### REQUIRED WORK
The answer should hold only the lines from the beginning of the listing below to the line containing "Gold-Tone Blue Crystal", both included, with every picture left out.

### DATA SHOWN
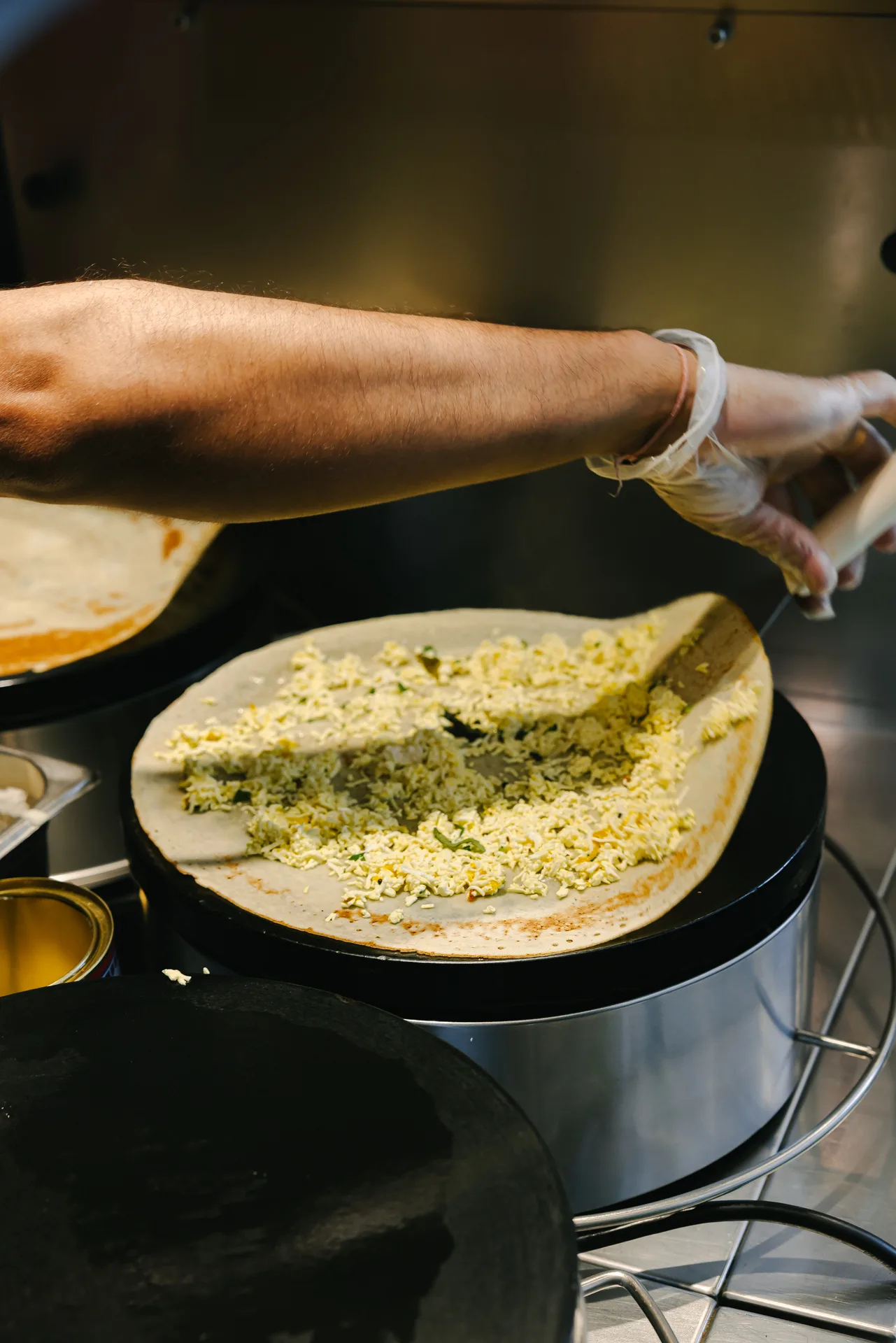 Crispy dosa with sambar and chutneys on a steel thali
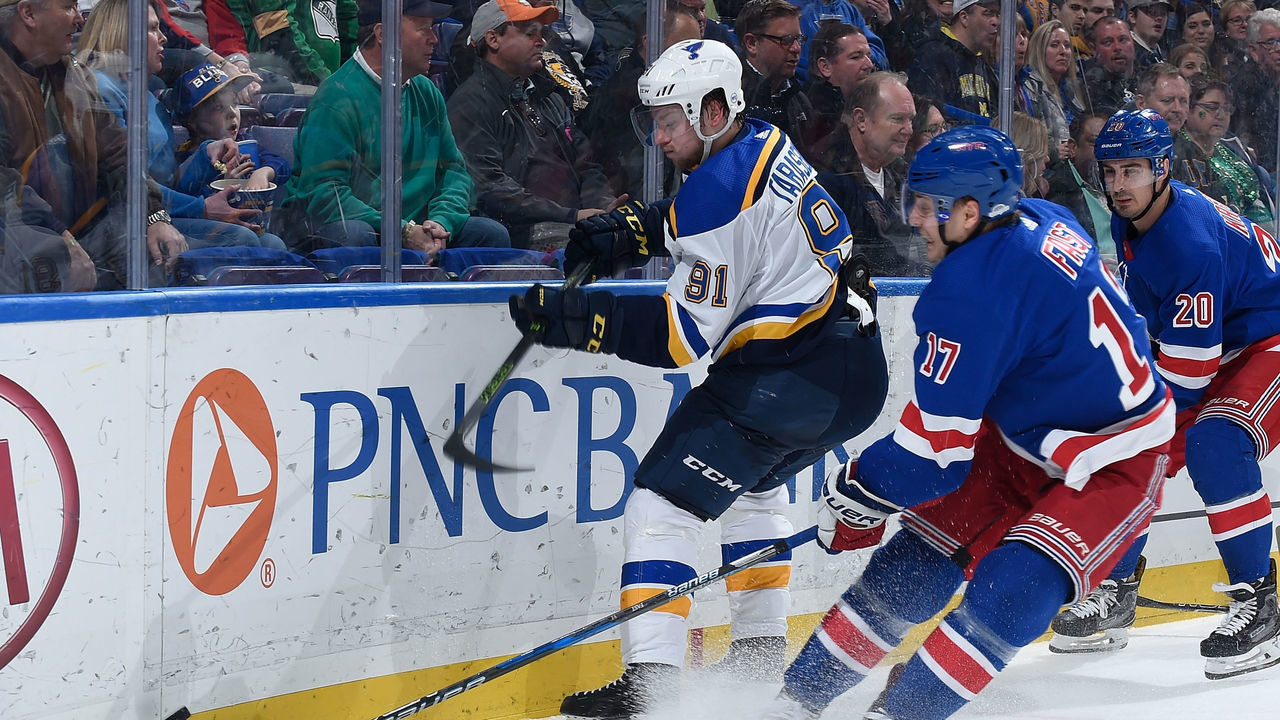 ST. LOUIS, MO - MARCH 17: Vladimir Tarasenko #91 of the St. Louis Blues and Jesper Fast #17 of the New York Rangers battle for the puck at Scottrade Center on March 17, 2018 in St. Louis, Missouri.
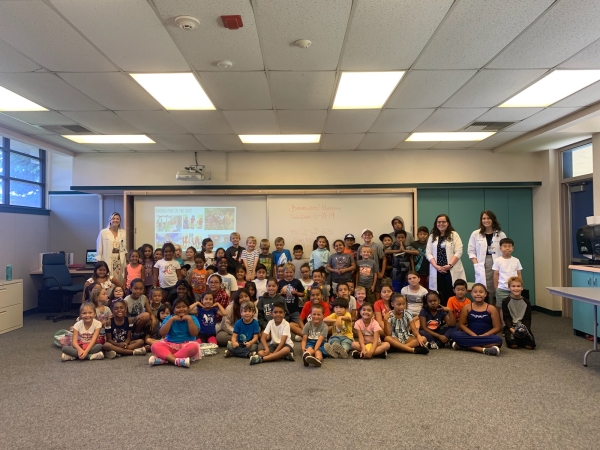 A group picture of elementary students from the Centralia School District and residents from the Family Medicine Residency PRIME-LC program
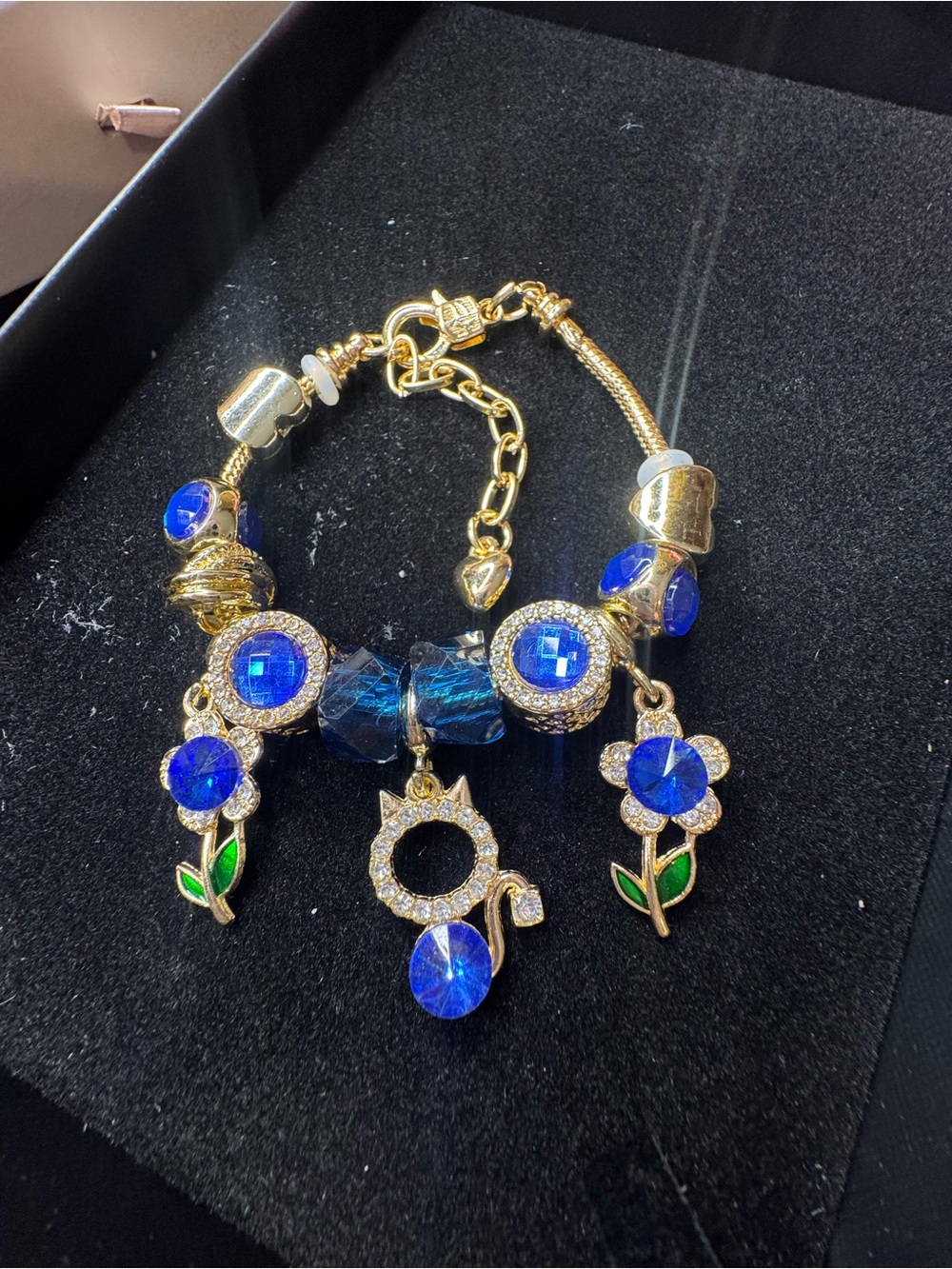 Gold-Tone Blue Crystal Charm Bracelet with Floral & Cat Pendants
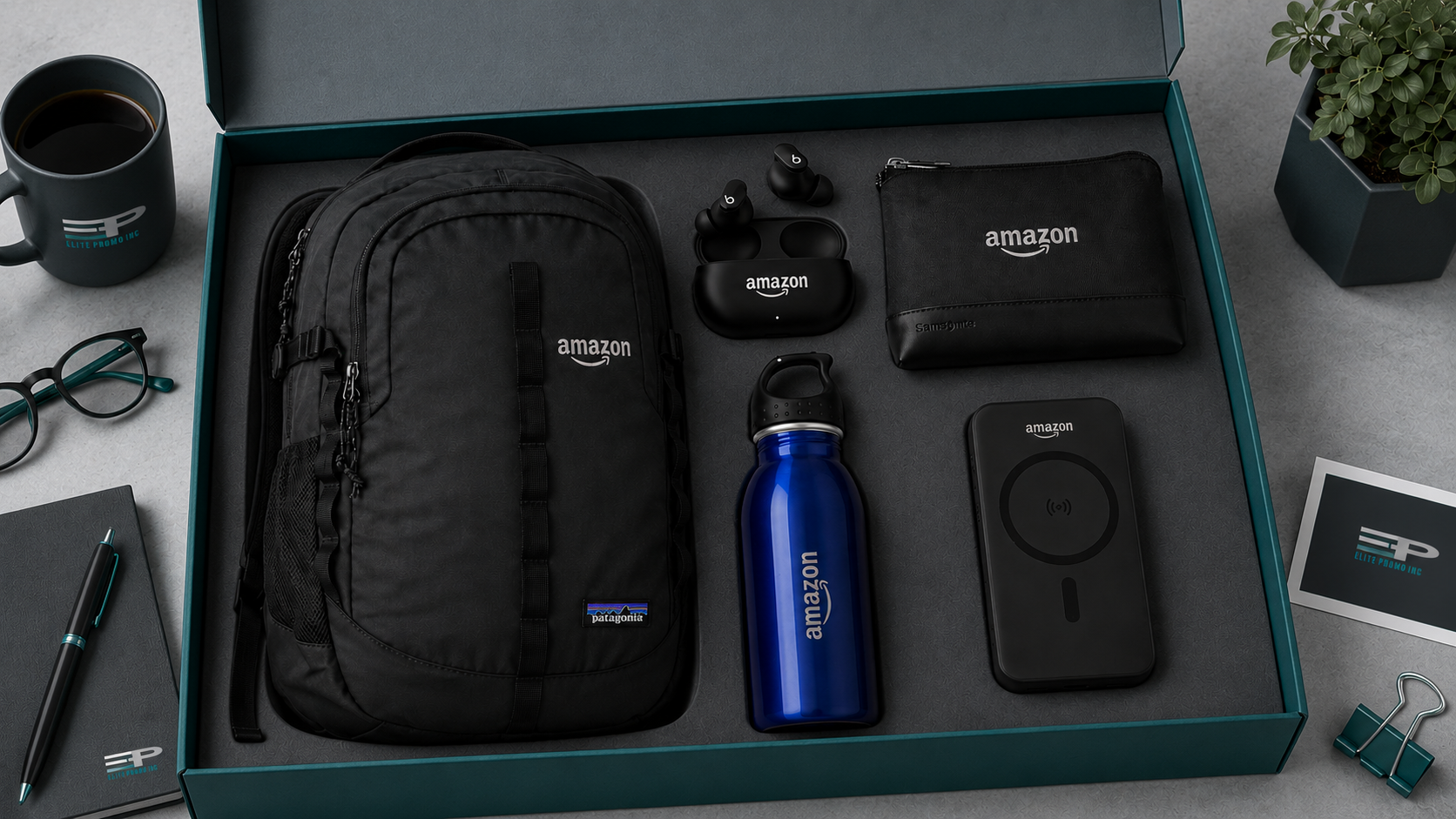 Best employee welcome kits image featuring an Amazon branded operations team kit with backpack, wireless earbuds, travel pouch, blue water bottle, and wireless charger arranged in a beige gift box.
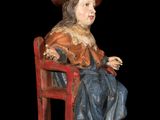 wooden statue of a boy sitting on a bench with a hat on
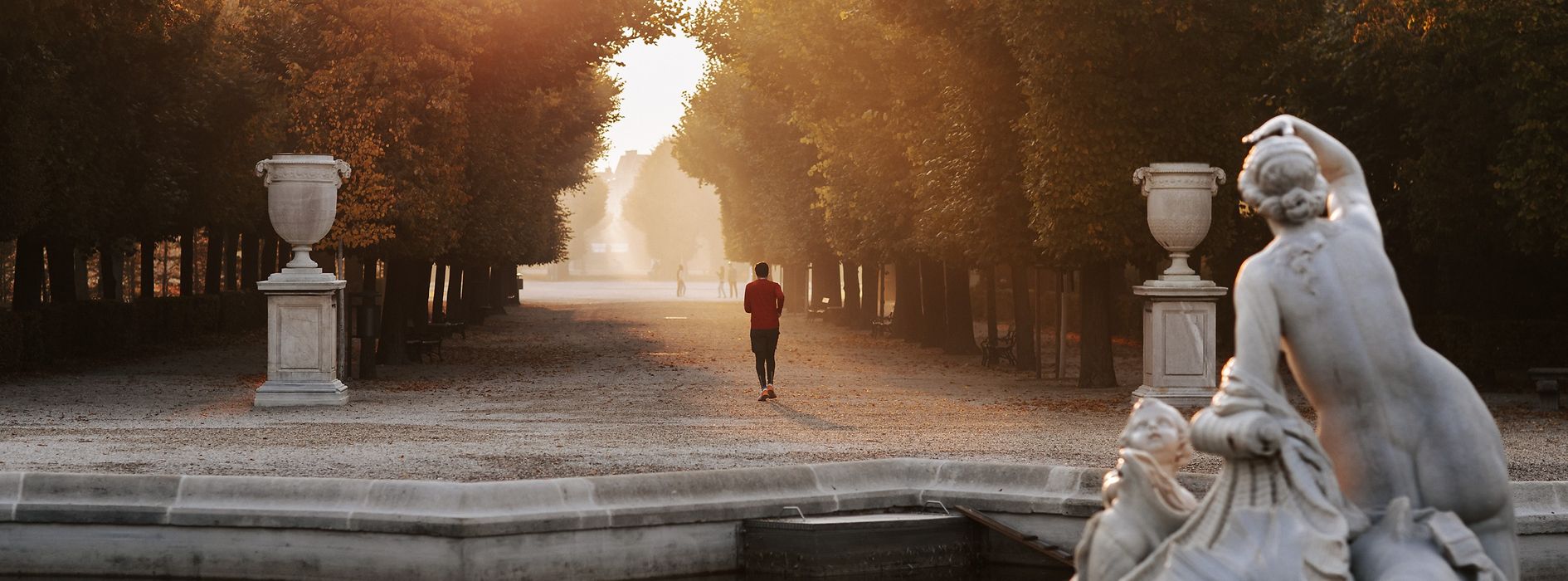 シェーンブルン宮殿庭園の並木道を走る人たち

### ANSWER TO THIS EXERCISE
 Crispy dosa with sambar and chutneys on a steel thali
 ST. LOUIS, MO - MARCH 17: Vladimir Tarasenko #91 of the St. Louis Blues and Jesper Fast #17 of the New York Rangers battle for the puck at Scottrade Center on March 17, 2018 in St. Louis, Missouri.
 A group picture of elementary students from the Centralia School District and residents from the Family Medicine Residency PRIME-LC program
 Gold-Tone Blue Crystal Charm Bracelet with Floral & Cat Pendants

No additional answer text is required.